◆ **WORK TASK**
Only the text belongs in the answer: every line of the records below, transcribed exactly.

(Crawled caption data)

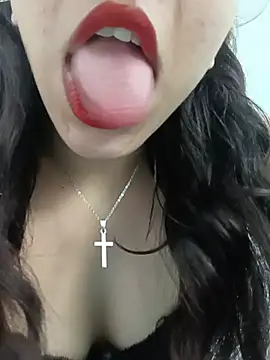 צ'אט XXX בשידור חי של HazelCharm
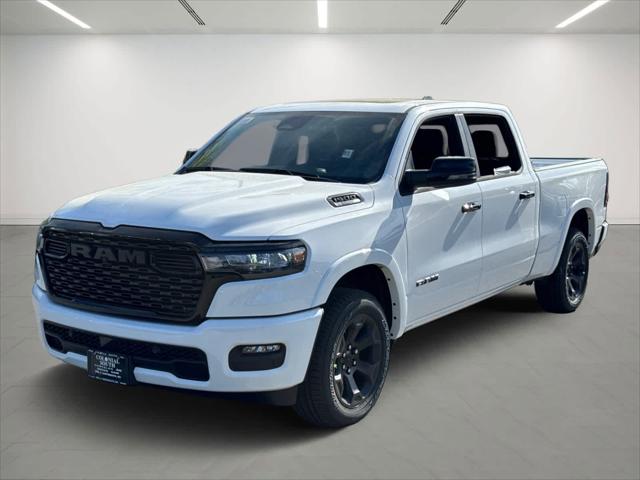 2025 RAM Ram 1500 RAM 1500 BIG HORN CREW CAB 4X4 64 BOX
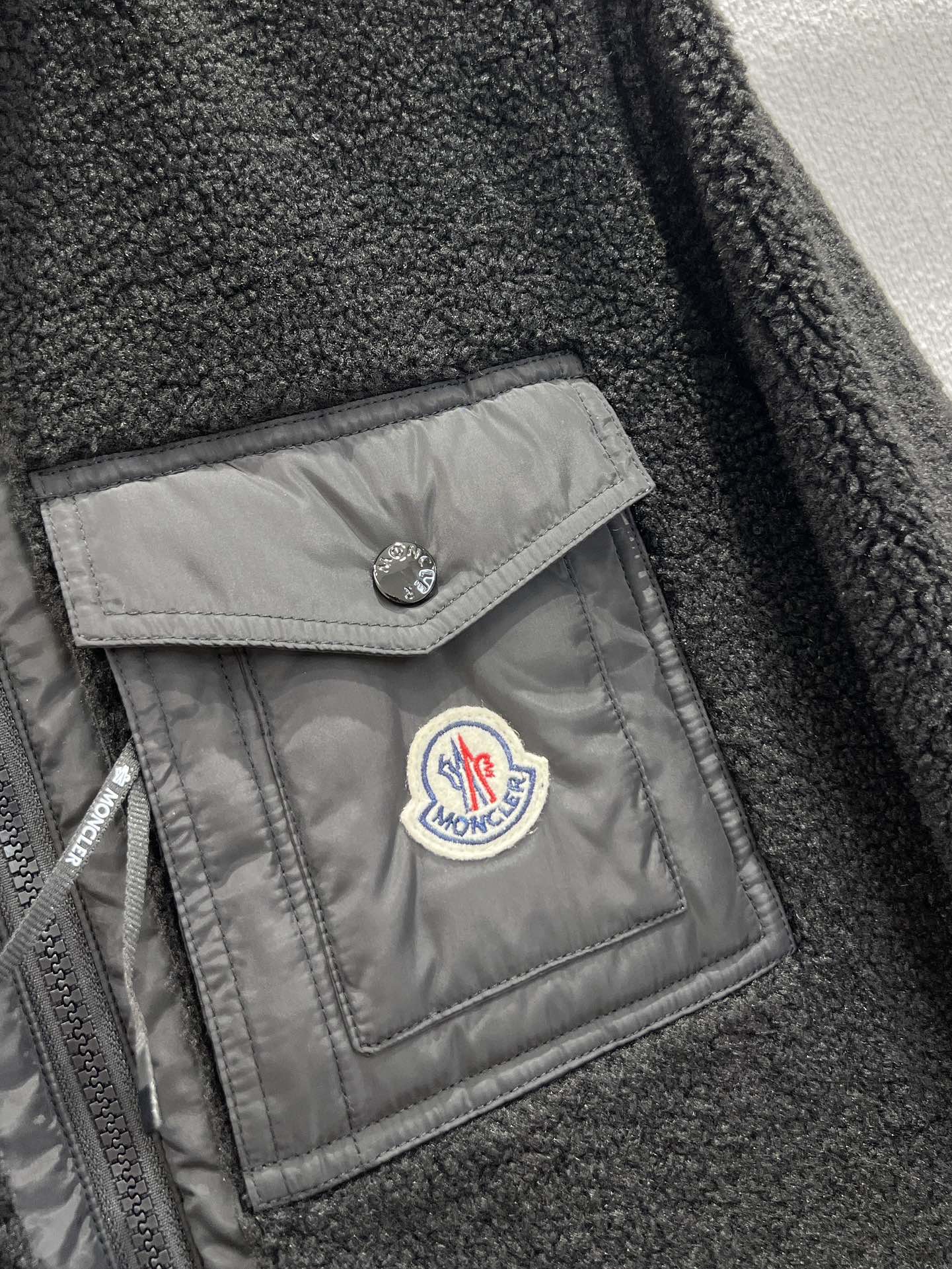 MNC TEDDY ZIP UP (pre-order)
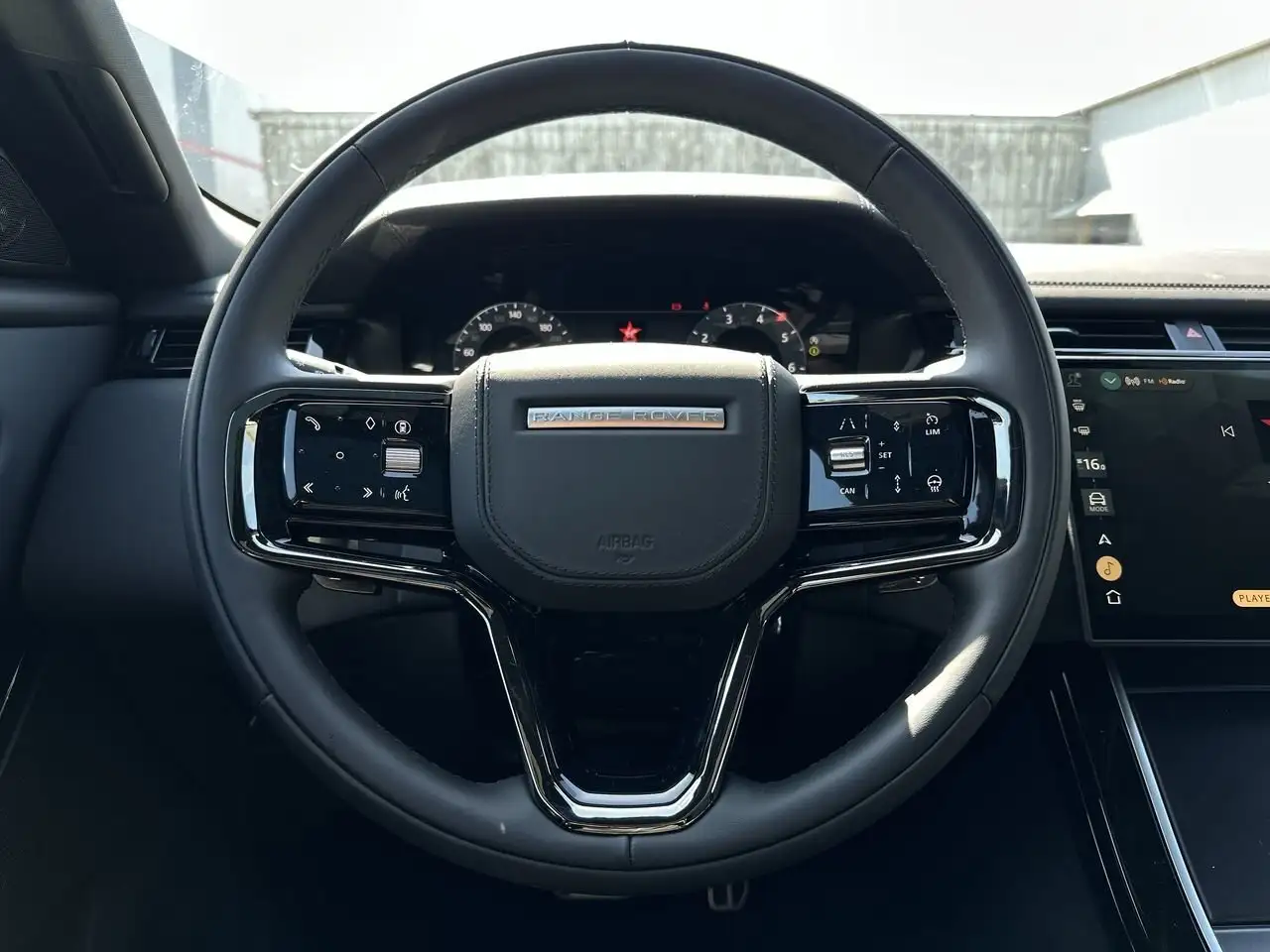 Land Rover Range Rover Velar снимка Land Rover Range Rover Velar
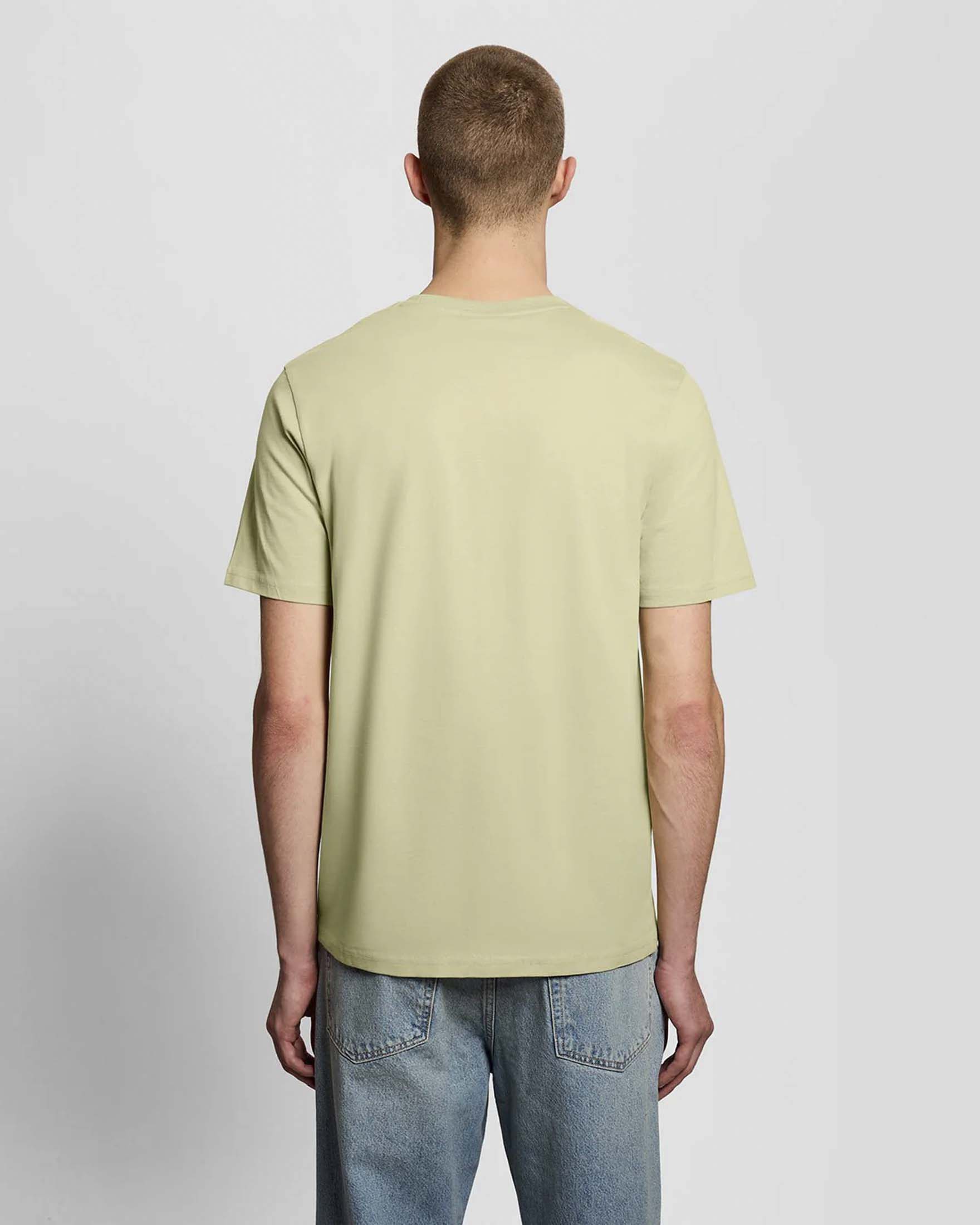 T-shirt Lyle & Scott mezza manica verde pistacchio in cotone con logo aquila gialla ricamata sul petto image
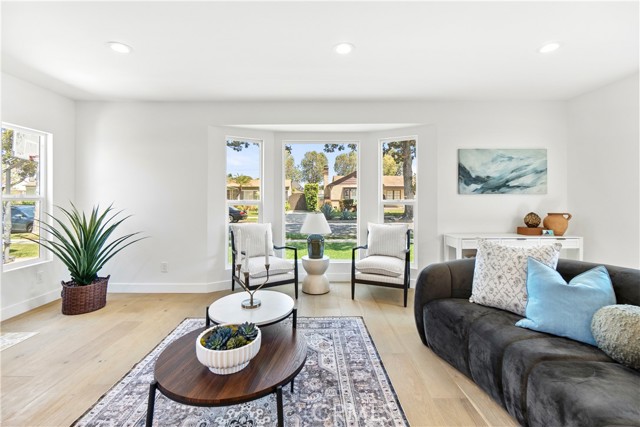 3991 Hubert Avenue, Los Angeles CA: https://media.crmls.org/medias/c4f23f0c-b61d-44d3-bd6f-c027375d9528.jpg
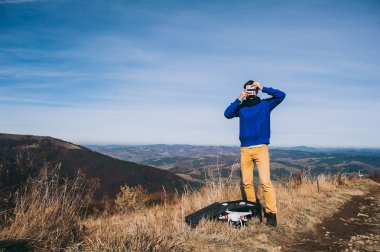 adam elinde bir dron hava fotoğrafçılığı için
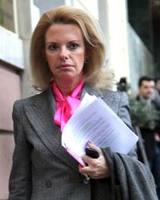 Η Βόζεμπεργκ “χτυπά” κατά Γεννηματά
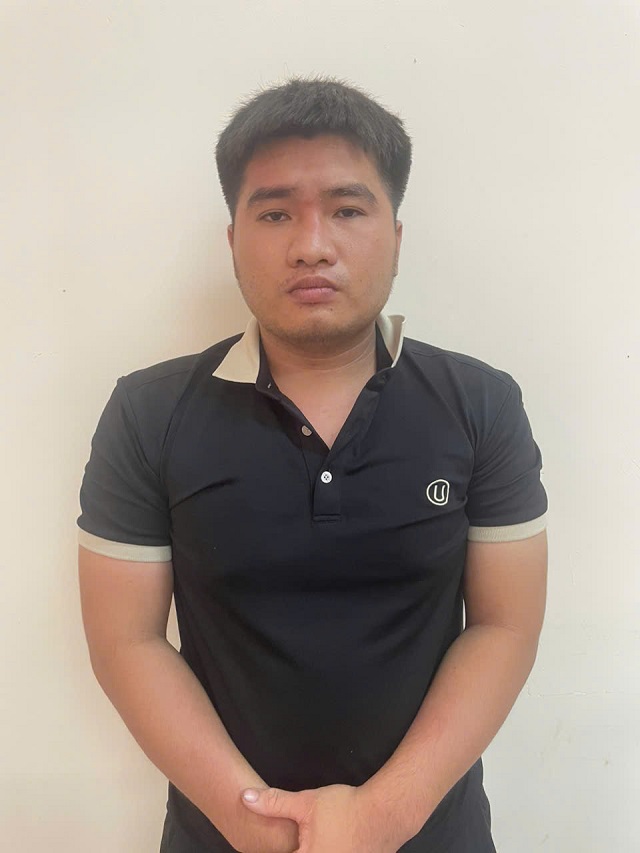 Vụ bắt Nguyễn Thành Thông - kẻ dùng kim tiêm đâm học sinh: Giám định dung dịch màu xanh 'bí ẩn' - Ảnh 1.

◆ **RESPONSE AREA**
 צ'אט XXX בשידור חי של HazelCharm
 2025 RAM Ram 1500 RAM 1500 BIG HORN CREW CAB 4X4 64 BOX
 MNC TEDDY ZIP UP (pre-order)
 Land Rover Range Rover Velar снимка Land Rover Range Rover Velar
 T-shirt Lyle & Scott mezza manica verde pistacchio in cotone con logo aquila gialla ricamata sul petto image
 3991 Hubert Avenue, Los Angeles CA: https://media.crmls.org/medias/c4f23f0c-b61d-44d3-bd6f-c027375d9528.jpg
 adam elinde bir dron hava fotoğrafçılığı için
 Η Βόζεμπεργκ “χτυπά” κατά Γεννηματά
 Vụ bắt Nguyễn Thành Thông - kẻ dùng kim tiêm đâm học sinh: Giám định dung dịch màu xanh 'bí ẩn' - Ảnh 1.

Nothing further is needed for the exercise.